道の駅「花の三聖苑伊豆松崎」は、伊豆半島の松崎町にあり、明治時代の建物が遺された貴重な場所だ。明治当時の雰囲気が味わえるだけでなく、美しく整えられた花が楽しめるという魅力もある。
地元の人曰く交通の便が悪いところがこの道の駅の最大の特徴らしい。
確かに、一番近い高速道路のインターチェンジ(東名高速道路の沼津IC)から、 どんなルートを使っても下道を70キロ以上走る必要がある。
私は伊豆半島の真ん中を南下(国道136号線→国道414号線)した後、県道15号線から本駅に向かった。 県道15号線の下田松崎線を車で進むと、「道の駅 花の三聖苑伊豆松崎」の看板が見えてくる。少々長めのドライブだったが、道路沿いに咲く桜がとても美しく、あまり疲れることはなかった。


駐車してから、まずはトイレ休憩

駐車場は、花見客で混雑していた。少し待って、なんとか駐車。
駐車場入口付近にある直径11メートルの巨大花時計が美しい。

時報も凝っていて、時間によってメロディーが変わるようだ。
トイレは、よく清掃していただいており、気持ちよく利用させていただいた。感謝!


旧大沢学舎
明治6年に三聖人の一人である「依田佐二平」により私財で建てられた「旧大沢学舎」。もともとは公立小学校として依田佐二平の自邸内に建てられたものだ。

校長は会津藩士・大島篤忠。この辺りの学校はなぜか会津から校長や教員を招いているところが多いようだ。
明治22年、中川村役場の庁舎として峰輪に移築。
昭和30年、町村合併により松崎町となり中川村役場廃止。
昭和61年、町の文化財に指定。
平成5年、花の三聖苑に移築・復元。

旧大沢学舎が道の駅 「花の三聖苑伊豆松崎」に移設および復元されたのは平成5年。
開校当初の姿をとどめているそうだが、どうやらそれは外側だけらしい。擬洋風としてはかなりシンプル、学校としては非常に小規模だ。
小さいながらも、白い洋風縦張り×無塗装の和風横張りのコントラストはユニークで、軒回りは漆喰でモールディングを施し、バルコニーの支柱は溝彫りを入れてギリシャ建築の石柱っぽく見せ、バルコニーの袖をアーチ型に繰り抜くなど、西洋の建築様式をふんだんに取り込んだ建物となっている。
中に入ってみると、展示されていたのはマルセイのパッケージ。
「マルセイ」とはもともと、十勝内陸部に初めて集団入植をはたした開拓結社「晩成社」が用いたバターの商標だ。 晩成社の「成」字をマルで囲み、「マルセイ」としたわけだが、 明治16(1883)年に帯広に入植した晩成社は、畑作のかたわら酪農も試みバターを生成した。十勝平野の開拓者「依田勉三」の業績展示と思われる。
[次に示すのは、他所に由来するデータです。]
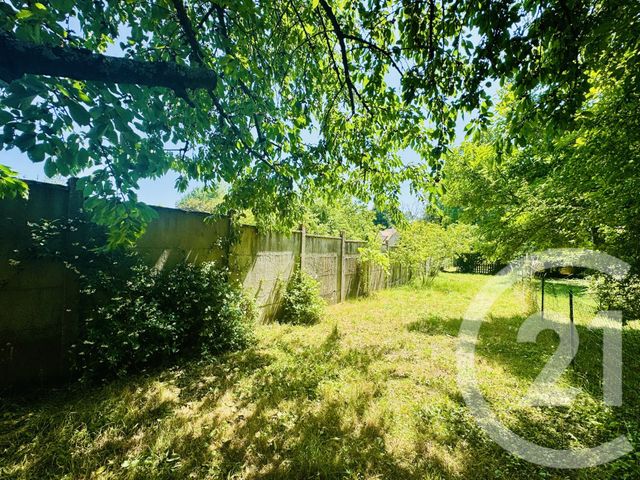 maison à vendre - 5 pièces - 85.0 m2 - ST ARNOULT EN YVELINES - 78 - ILE-DE-FRANCE - Century 21 Ld Immobilier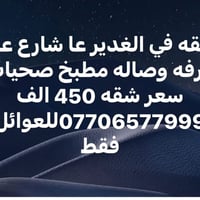 لا توجد تفاصيل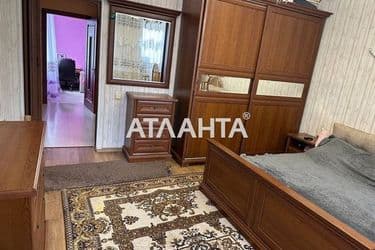 Дом по адресу ул. Коровицкого проф. (площадь 111 м²) - Atlanta.ua - фото 18
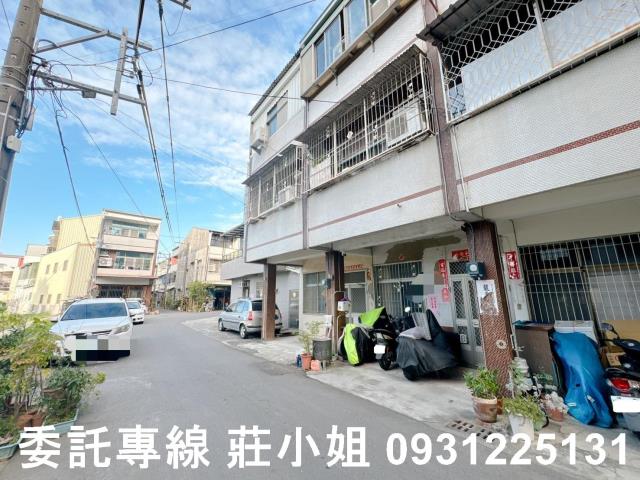 台南透天-0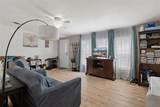 11881 45TH Street - Photo 8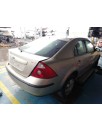 ford mondeo berlina (ge) del año 2005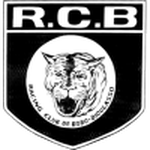 RC Bobo-Dioulasso badge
下は、依田佐二平の家が養蚕を営んでいた頃の写真だと思われる。

「道の駅 花の三聖苑伊豆松崎」は、旧大沢学舎だけでなく、かつて明治時代に活躍した漢学者の「土屋三余」、実業家の「依田佐二平」、十勝平野の開拓者「依田勉三」という3人の偉人たちによる偉業について、当時使用されていた建物とともに学べる施設となっている。


喫茶店「天城山房」
建物のひとつが喫茶・食事処「天城山房」になっており、おいしい丼物や定食、甘味が堪能できる。店内では、お土産も販売している。
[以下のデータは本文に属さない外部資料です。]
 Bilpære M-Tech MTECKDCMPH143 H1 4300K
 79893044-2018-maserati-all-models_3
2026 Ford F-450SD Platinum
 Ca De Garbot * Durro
店内で炭火焼コーヒーをいただいた。着席時に淹れていただいた温かいお茶もあり、運転疲れはみるみる回復。お腹が空いていなかったのでいただかなかったが、食事としては帯広豚丼、わさび丼などの丼メニューや、桜ジェラート、わらび餅などのデザートメニューもあった。

敷地内にはいろいろな花が咲いていた。季節ごとに咲く花は変わり、いつ来ても花を楽しめらしく、いわゆるお花見だけではなく通年のお花スポットとしても知られているらしい。

桜葉生産日本一の松崎町
松崎町ならではの特産品といえば、「桜葉クッキー」。
実は松崎町は桜餅に付き物の「桜葉」の生産が日本一の町だ。 なので桜葉粉を配合した桜葉クッキーが松崎町を代表する特産品になっている。 桜葉を使った商品はクッキー以外にも「桜葉そば」「桜葉マドレーヌ」などがある。
松崎町のもう一つの特産品は、2011年B級グルメスタジアムにも参戦した地元グルメの「塩鰹茶漬け」。 塩鰹を焼いて、食べ易いようにほぐして、昆布・ゴマ・海苔・ワカメを混ぜたお茶漬けで、第5回伊豆特産品市でも特産品大賞を受賞したという松崎町自慢の商品だ。
また、松崎町に限ったことではないが伊豆半島南部はワサビの産地として有名で、 「わさび茶漬け」「わさびのり」」も特産品として販売されている。